Statistical analysis

Statistical analyses were performed with the R software version 4.0.4 [33]. Continuous variables were compared between two groups using the Wilcoxon rank sum test (two-sided). Relationships between categorical variables were assessed by measuring their association in contingency tables. The calculation of basic summary statistics and the Wilcoxon rank sum test [34] was implemented in base R [33]. Contingency tables (with statistics) were calculated with the sjstats R package version 0.18.1 [35]. The φ correlation coefficient [36] was used to measure the association between two dichotomous variables. Its p value was calculated using the chi-square test. For all statistical tests, a significance level α = 0.05 was used. Model metrics were calculated with the mlr3measures package version 0.3.1 [37]. Graphics were created with the R packages ggplot2 version 3.3.3 [38], ggpubr version 0.4.0 [39], and precrec version 0.12.1 [40]. To assess the strength of agreement between the ResNet and the DenseNet ensemble classifiers with regard to the prediction of artifacts in the independent holdout test dataset, Cohen’s kappa [41] for two raters was calculated using the R package irr version 0.84.1 [42]. According to Landis and Koch, the strength of agreement based on the kappa statistic can be categorized as follows: kappa < 0.00, poor; 0.00 to 0.20, slight; 0.21 to 0.40, fair; 0.41 to 0.60, moderate; 0.61 to 0.80, substantial; 0.81 to 1.00, almost perfect [43]. To support the interpretability of the deep learning classifiers, class activation maps (CAMs) can be used to represent so-called discriminative regions as color-coded heatmaps, which mark locations in the image that are considered important by the CNN classifier to decide on the derived class [44]. These CAMs were computed for the test images from the model with the highest area under the receiver operating characteristic (ROC) curve on the holdout test dataset using the GradCAM++ algorithm [45] to provide a better interpretability of the model’s predictions utilizing the implementation already provided with the monai library [29].

Results

Study sample characteristics

Our study sample contained 2265 MRI examinations from 1794 patients (median age at first acquisition: 50 years [IQR: 17 years]), which were acquired between October 2015 and December 2019. One thousand four hundred sixty-one individuals of the study sample received one MRI examination, 225 individuals received two, 80 individuals received three, and 28 individuals received four or more MRI examinations.

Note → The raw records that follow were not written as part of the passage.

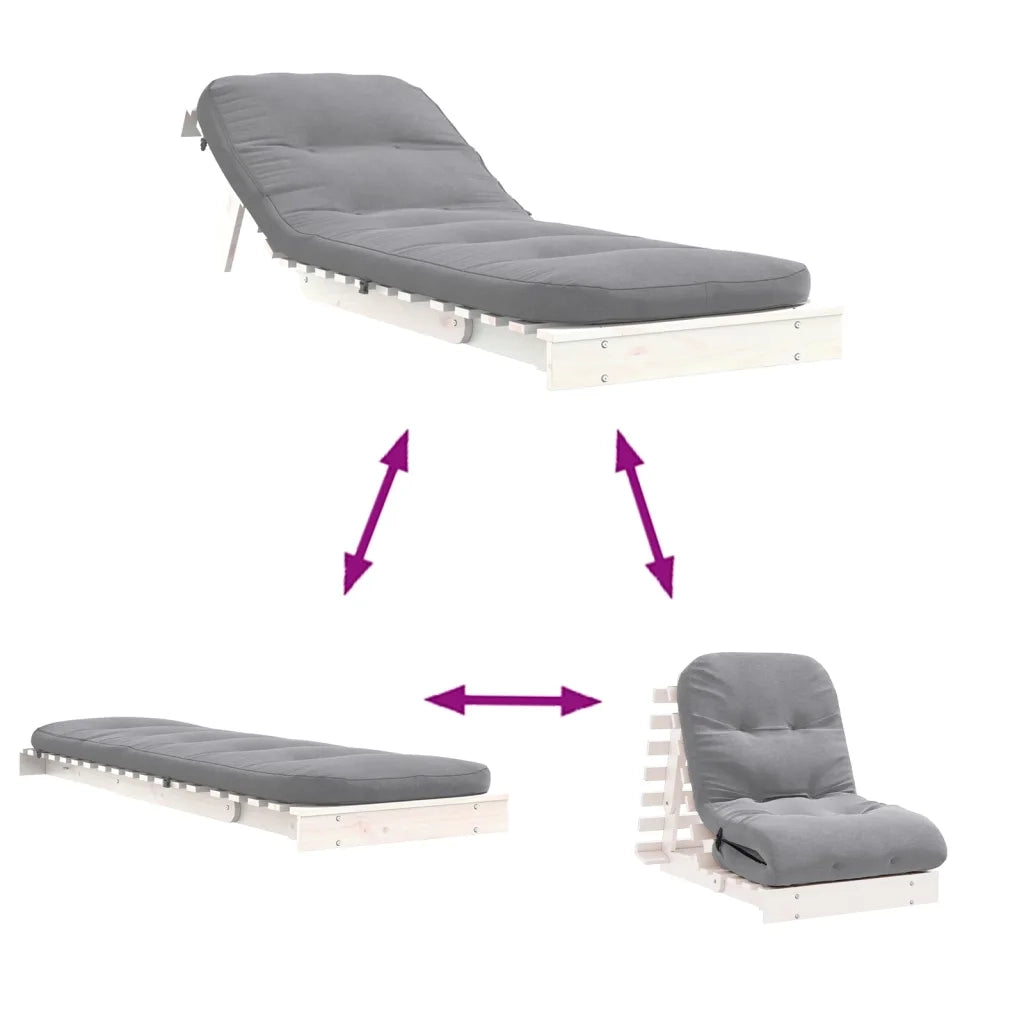 Divano letto | Sof¨¤ letto | Letto singolo Futon con Materasso Bianco 70x206x11cm Legno Pino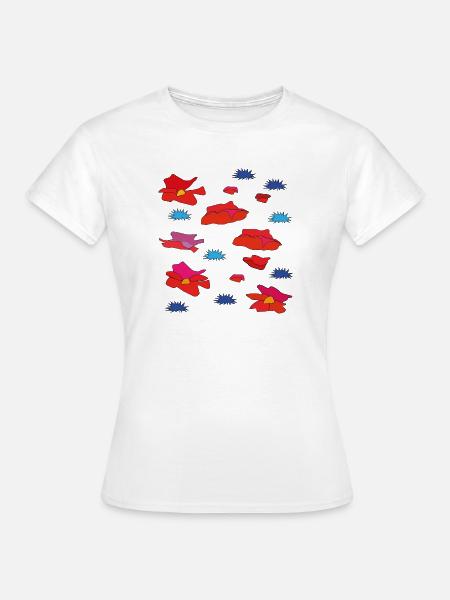 Kornblumen und Mohn - Frauen T-Shirt - Weiß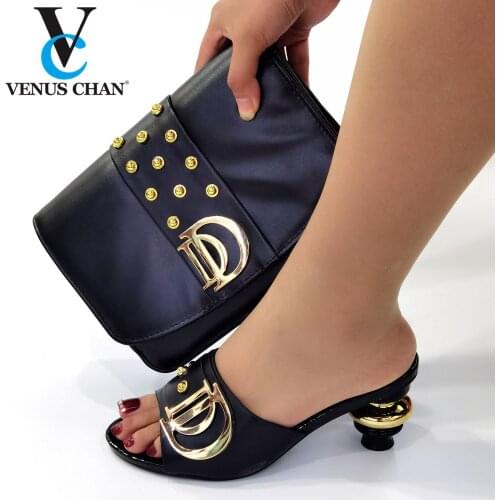 Shoes and Bag Set Black Color African Matching Shoe and Bag Set Decorated with Rhinestone Nigerian Shoes and Bag Set for Women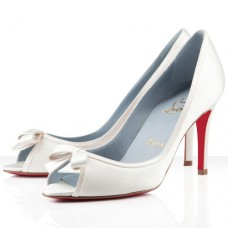 Christian Louboutin Milady 80mm Peep Toe Lodičky Bílé Christian Louboutin Milady 80mm Peep Toe Lodičky Bílé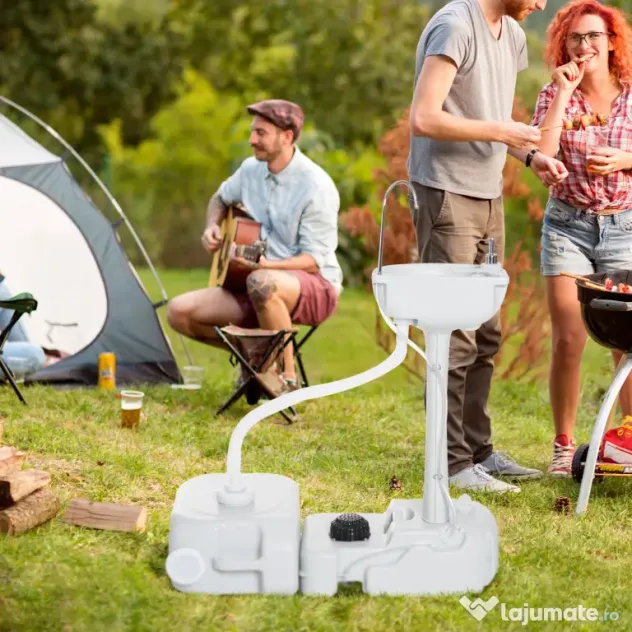 Chiuveta Portabila de Camping cu 2 roti, Rezervor de Apa de 17 litri, Rezervor de Sapun 83x50x103cm Outsunny | Aosom Romania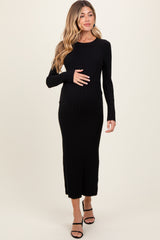 Black Ribbed Knit Fitted Maternity Midi Sweater Dress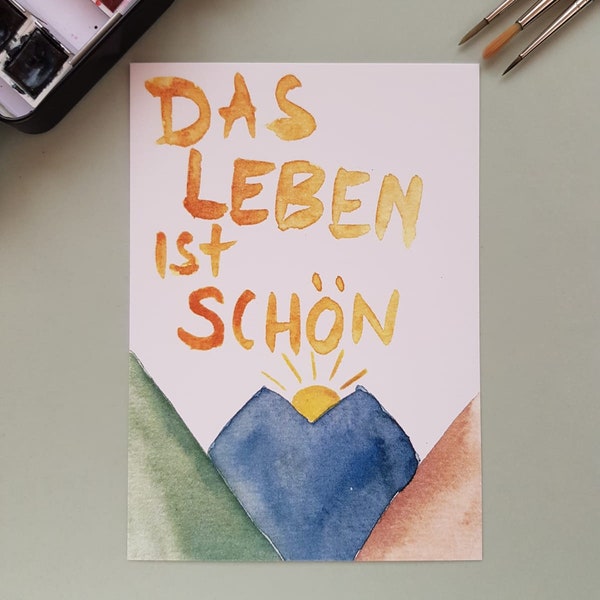 Handgemalte Grußkarte "Das Leben ist schön"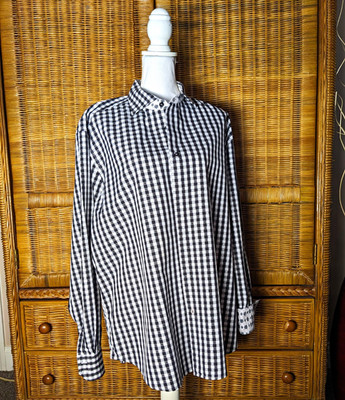 Robert Graham Men's Woven Cotton Black/White Check Long Sleeve Button-Up XL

The training dataset included examinations acquired up to and including the year 2018, corresponding to 1827 examinations of 1378 patients (median age at first acquisition: 50 years [IQR: 16.75 years]), resulting in a total of 3654 training images. The independent holdout test dataset was formed with all examinations acquired in 2019 from patients, which were not already included in the training dataset. This holdout test dataset contained 438 examinations of 416 patients (median age at first acquisition: 51 years [IQR: 18 years]), resulting in 876 test images. Demographic data, sample characteristics, and target class distribution across the datasets are shown in Table 1.

Table 1

Demographic data, sample characteristics, and target class distribution across the training dataset and test dataset. IQR interquartile range

Variable	Overall sample	Training dataset	Test dataset
N patients	1794	1378	416
Age
Median age (IQR) (years)	49 (16)	49 (16)	50 (18)
Median age (IQR) at first acquisition (years)	50 (17)	50 (16.75)	51 (18)
N examinations	2265	1827	438
N repeated examinations per patient
One examination	1461	1067	394
Two examinations	225	203	22
Three examinations	80	80
Four examinations	27	27
Six examinations	1	1
N images	4530	3654	876
Left breast	2265	1827	438
Right breast	2265	1827	438
N artifacts (%)	2332 (51%)	1951 (53%)	381 (43%)
Left breast	1147 (51%)	959 (52%)	188 (43%)
Right breast	1185 (52%)	992 (54%)	193 (44%)

No significant difference in the distribution of the age at first acquisition could be observed between the training cohort and the test cohort (p value: 0.2). When including repeated studies for one patient, the overall training cohort was significantly younger than the test cohort (p value: < 0.001).

Presence of artifacts within the dataset

Artifacts were detected by the visual reading in 51% (2332 out of 4530 images) of all images in the dataset. This corresponds to the presence of artifacts bilaterally in 36.7% (n = 832 examinations), unilaterally in 29.5% (n = 668 examinations), and the absence of artifacts in 33.8% (n = 765 examinations) of all examinations.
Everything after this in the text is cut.